---- Data to examine

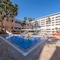 Estival Park Almaris - map
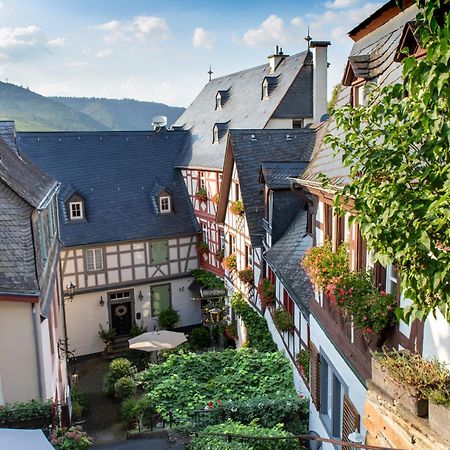Hotel Gute Quelle Beilstein  Kültér fotó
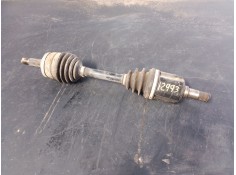 TRANSMISION DELANTERA IZQUIERDA 4130034110 P1-A6-12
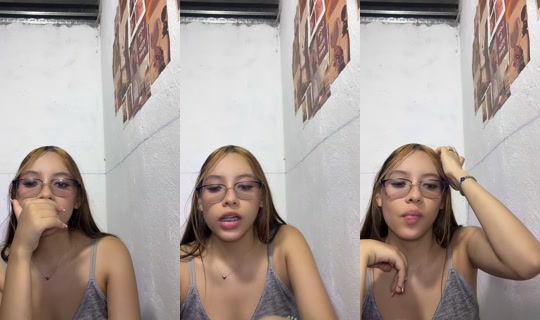 osorio_222 TikTok Live — Aug 27, 2026, 7:41 AM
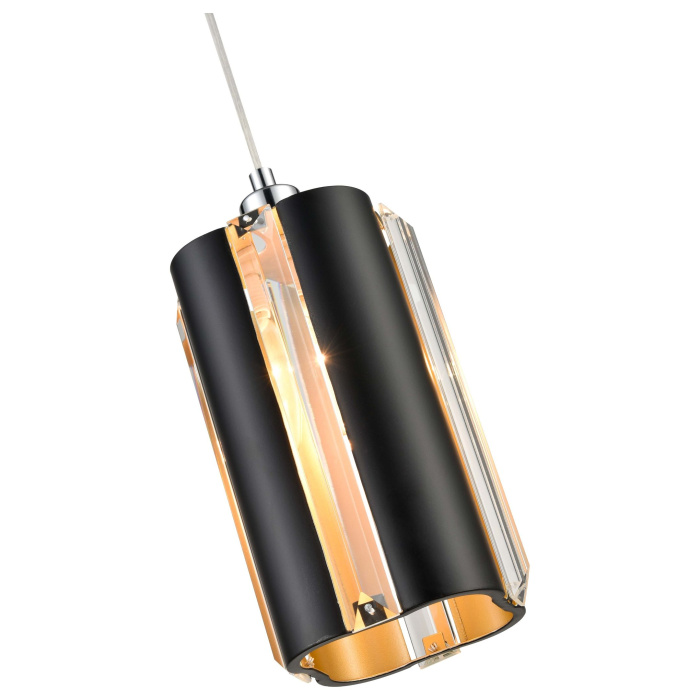 Светильник подвесной Wertmark Elia WE223.01.026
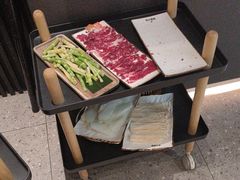 -牛人日志·鲜牛肉骨汤火锅(万科里瑧店)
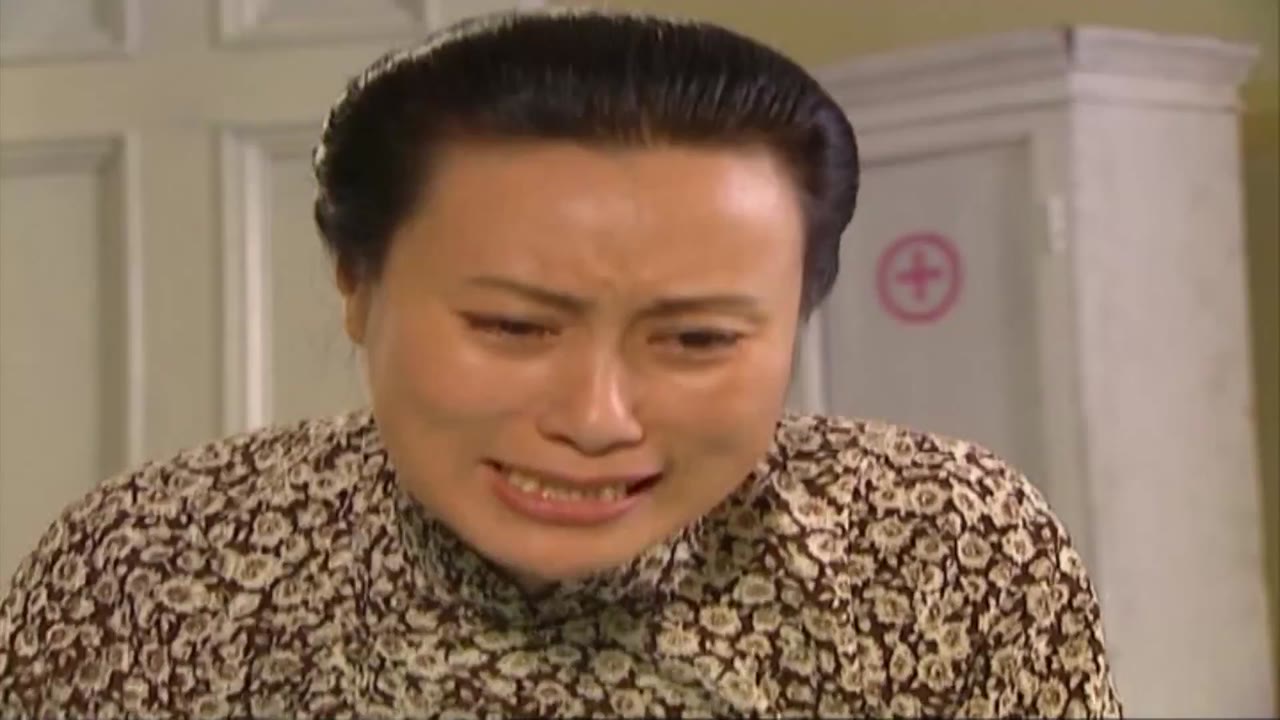 Tân Dòng Sông Ly Biệt tập 38 cảnh 2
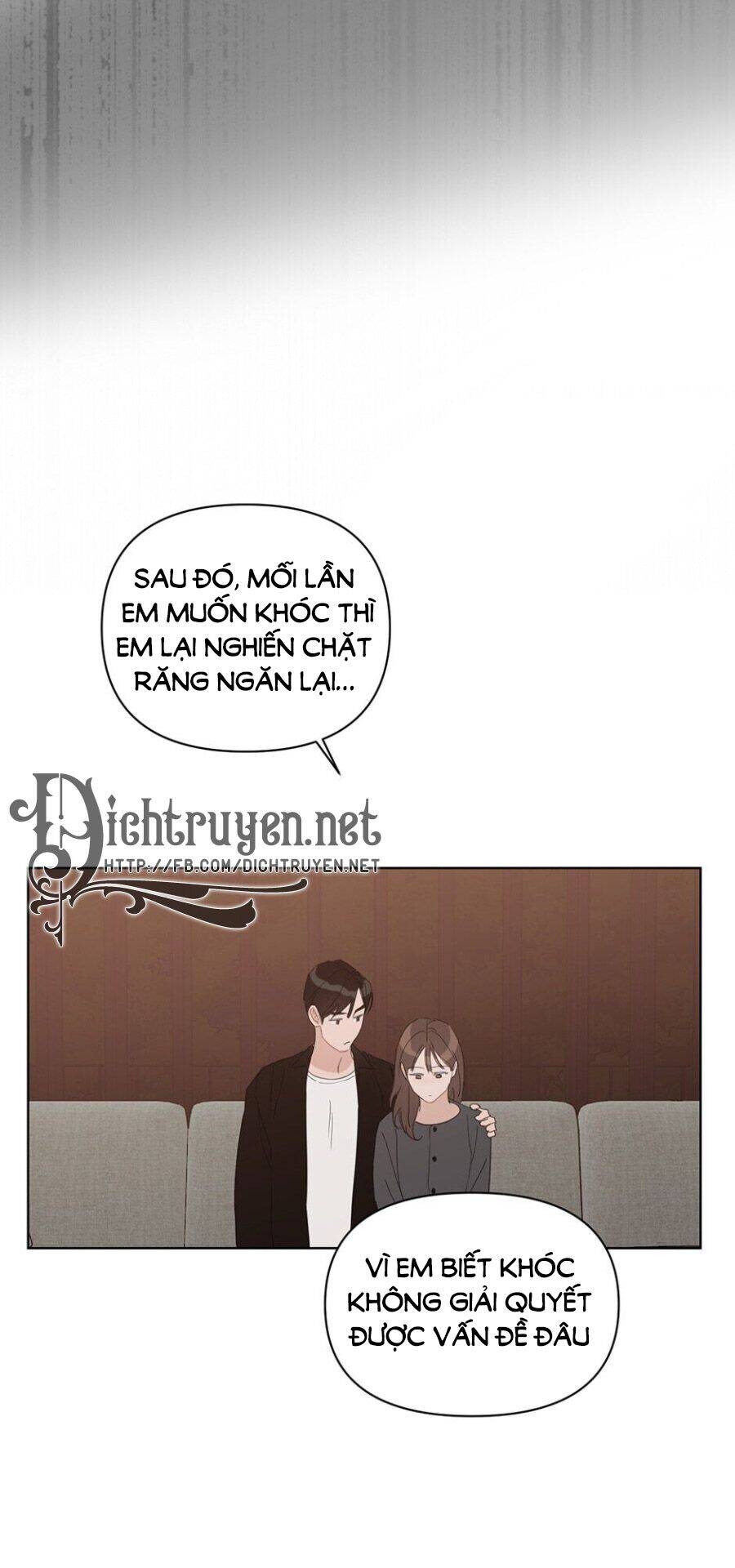 Baby Đến Rồi! Chapter 51 - Trang 2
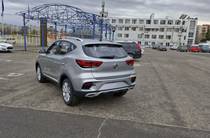 MG ZS STD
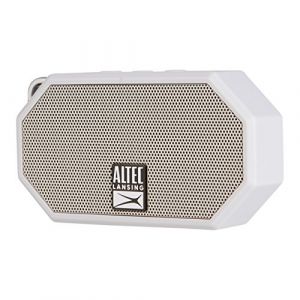 Altec Lansing Mini H2O - Enceinte Bluetooth portable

--------

→ **About this task**
The lines to restate word for word run from the line that contains "Tân Dòng Sông Ly Biệt tập 38 cảnh 2" through the end of the entries above, both ends included. Leave out all pictures and write nothing else.

→ **Answer to the exercise**
 Tân Dòng Sông Ly Biệt tập 38 cảnh 2
 Baby Đến Rồi! Chapter 51 - Trang 2
 MG ZS STD
 Altec Lansing Mini H2O - Enceinte Bluetooth portable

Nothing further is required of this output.